- **WHAT YOU HAVE TO DO**
Of the entries below, return exactly those lines that fall between the one containing "トヨタ カムリ CAMRY フロアマット ◆重厚Profound HOTFIELD" and the one containing "Van Halen - 5150", the two end lines included.

- **DATA EXTRACTS**
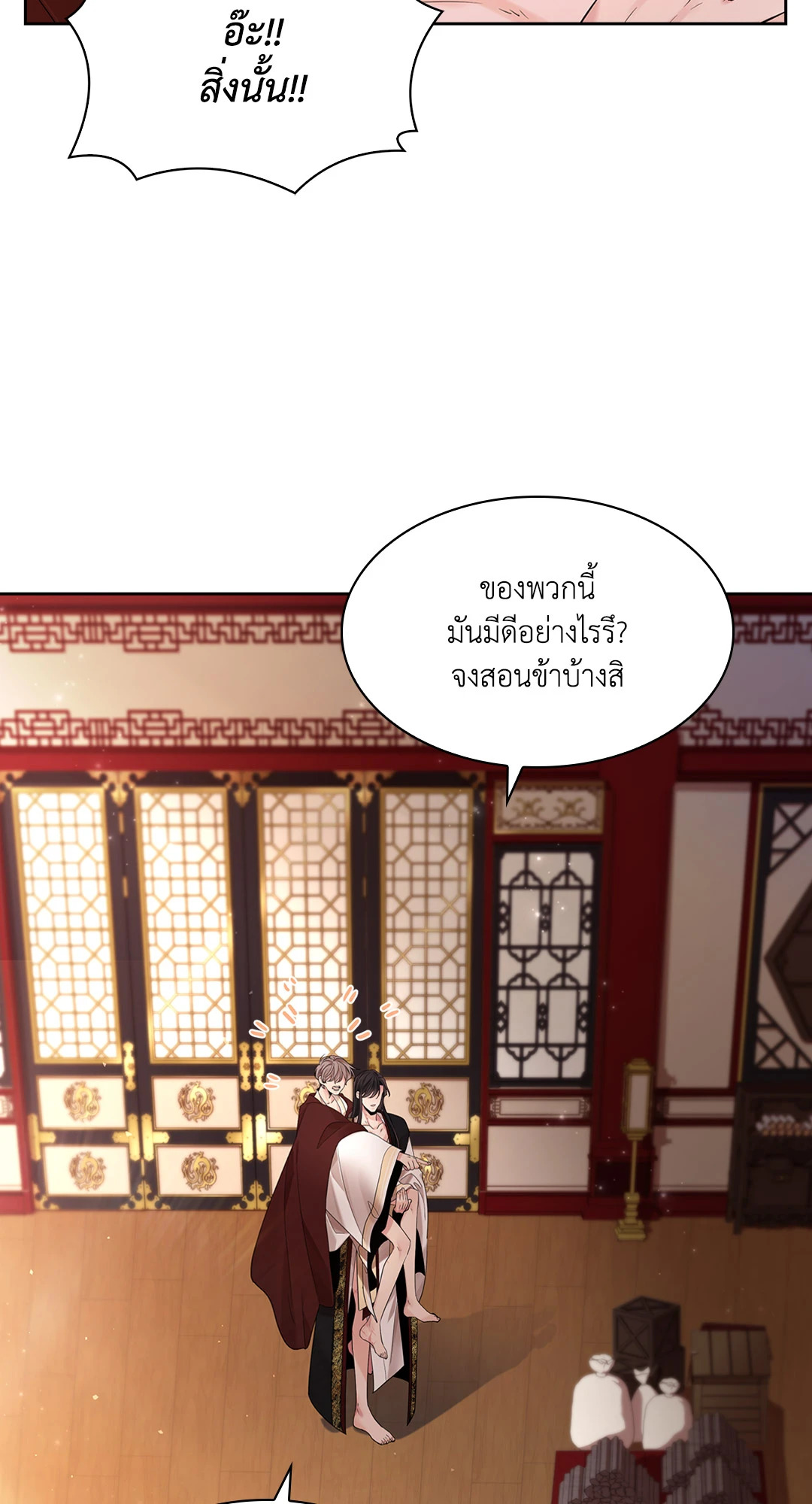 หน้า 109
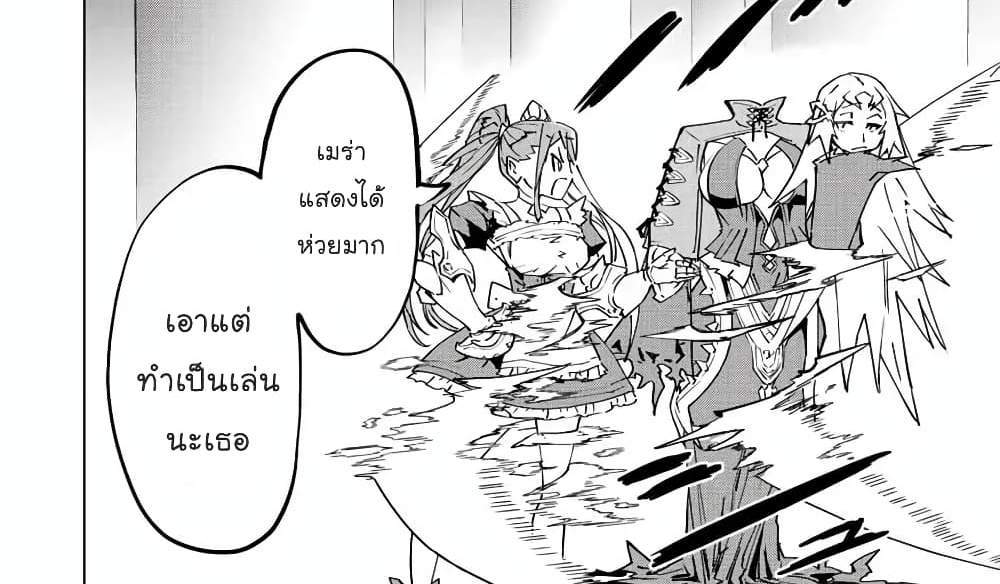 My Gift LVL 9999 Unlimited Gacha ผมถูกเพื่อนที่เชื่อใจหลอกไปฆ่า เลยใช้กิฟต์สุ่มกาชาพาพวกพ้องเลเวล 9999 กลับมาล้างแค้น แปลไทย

...

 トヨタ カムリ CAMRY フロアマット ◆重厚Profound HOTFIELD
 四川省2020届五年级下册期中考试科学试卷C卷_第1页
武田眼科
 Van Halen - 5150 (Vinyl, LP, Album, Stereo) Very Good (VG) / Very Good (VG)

- **SOLUTION TO THIS TASK**
 トヨタ カムリ CAMRY フロアマット ◆重厚Profound HOTFIELD
 四川省2020届五年级下册期中考试科学试卷C卷_第1页
武田眼科
 Van Halen - 5150 (Vinyl, LP, Album, Stereo) Very Good (VG) / Very Good (VG)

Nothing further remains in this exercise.